Not the First Time: Foreign Interference in the Election of 1940

By Teddy Tawil

Many said it would be the most important election in American history; dystopian stories were written about what might happen if the “America First” candidate triumphed. After two terms in control, the Democrats nominated a candidate on the verge of a first in American history. Out of a large Republican field, an underdog political outsider emerged victorious. A foreign adversary waged a sophisticated disinformation campaign to influence election results. 

And the Nazis almost succeeded. That’s right, this was the U.S. election of 1940. 

Eighty years ago, America became the site of a vicious, clandestine information war, a forgotten chapter of our history with important lessons for today. 

As the election approached, Nazi Germany dominated Europe, but it was still unclear whether the U.S. would intervene or even support Britain; Pearl Harbor would only happen a year later. The German Naval War Staff contended that the decision depended “solely on the will of the United States and its President and not on Germany’s future actions.” 

Hoping to forestall American involvement, Nazi leader Hermann Göring allocated $5 million toward supporting isolationist politicians like Charles Lindbergh. The German embassy commissioned the publication of books, articles, op-eds, and even novels to sway Americans toward isolationism. They paid for full-page newspaper advertisements advocating neutrality, and spent at least $160,000 bribing delegates to withdraw their support for FDR.

The German propaganda ministry even fabricated, published, and distributed fake documents allegedly showing that FDR had encouraged Poland to invade Germany. They became front-page news

But then came the exposés. One proved that the Nazis funded America First, the leading isolationist group, causing public outcry. Another revealed a scheme to distribute Nazi propaganda through the Congressional Record. Published under the bylines of American journalists, they were actually the work of British intelligence. 

Britain launched a rival influence campaign, aimed at thwarting isolationists, that was even more extensive.

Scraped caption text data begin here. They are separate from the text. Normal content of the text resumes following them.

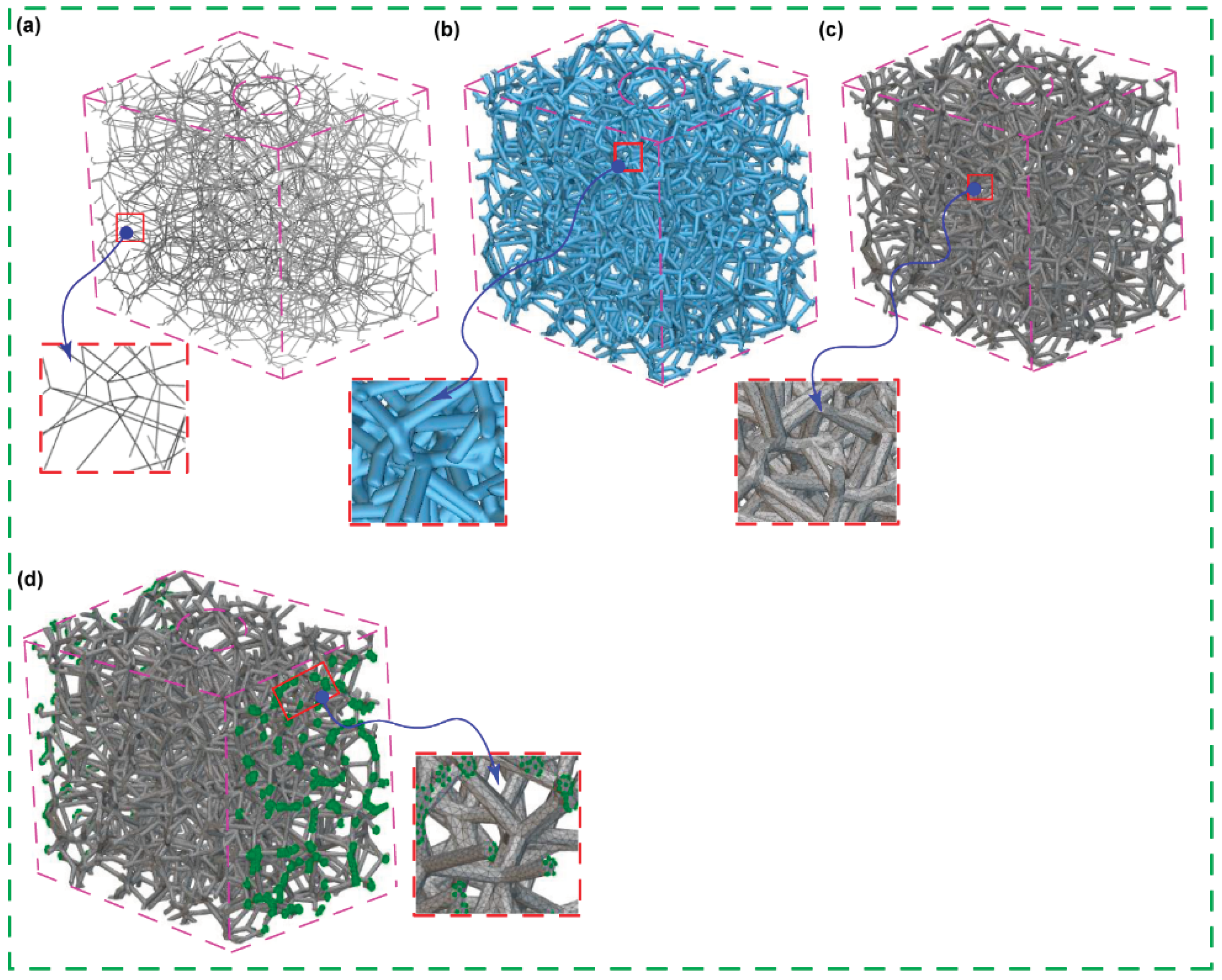 Preprints 100276 g003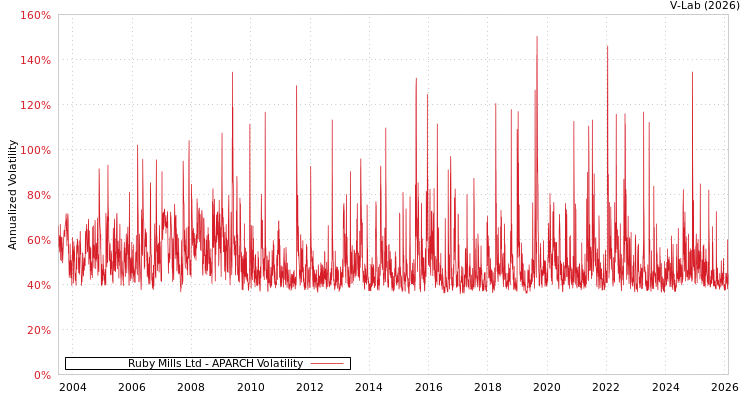 graph of Ruby Mills Ltd APARCH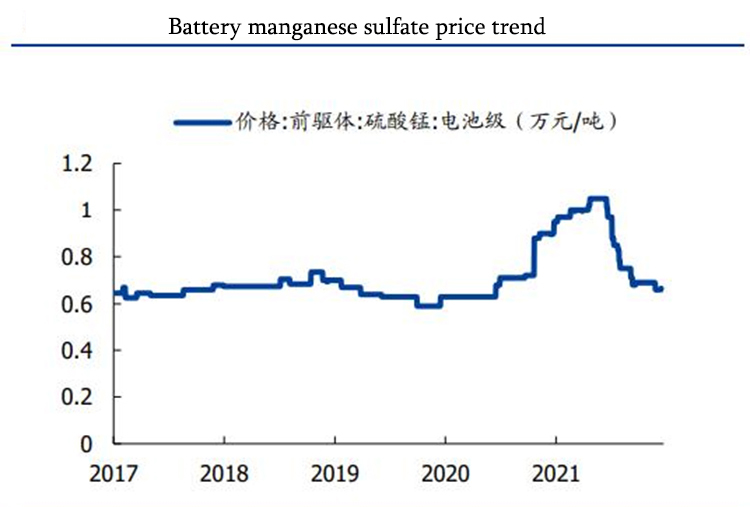 Manganese sulfate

It utilized many dubious tactics, including “forgeries, seductions, burglaries, electoral dirty tricks, physical surveillance, intercepting and reading letters sent under diplomatic seal, illegally bugging offices and tapping phones.” British intelligence worked with influential columnists, deployed “October surprises” against isolationist candidates, published fake polls overstating support for sending Britain aid, and strong-armed Republican nominee Wendell Willkie into not criticizing FDR on certain issues. All, shockingly, with the approval of FDR and the FBI. 

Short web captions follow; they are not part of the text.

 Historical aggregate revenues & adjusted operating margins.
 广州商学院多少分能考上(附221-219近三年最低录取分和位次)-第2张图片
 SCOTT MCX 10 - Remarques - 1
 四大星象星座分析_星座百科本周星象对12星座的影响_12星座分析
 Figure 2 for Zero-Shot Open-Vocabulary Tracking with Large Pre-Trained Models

Worryingly, the effort was successful. A later history written by senior participants implies that planting pro-British stories in American newspapers was crucial in garnering support for Roosevelt to assist Britain. 

These adversarial operations serve as case studies for how the government can both quash and encourage election interference. Congress investigated and exposed Nazi propaganda. The media reported on their sensationalist, planted stories with caution. This coordinated effort proved effective. By the end of April, a discouraged German embassy reported that “feeling toward Germany has deteriorated extraordinarily.” 

But with the tacit support of American leaders, Britain was able to help shape the national conversation. It was benign then, as Britain advocated for the U.S. to defend global democracy (ironically, by undermining the democratic process). But now? Less so. America’s counterintelligence chief has warned that Russia, China, and Iran will all try to interfere in the 2020 election. Sen. Richard Blumenthal (D-CT), who has been briefed on classified material, warns that this campaign “make[s] Moscow’s past interference and nefarious actions look like child’s play.” 

Appeasement and dismissal didn’t work then. And it won’t now.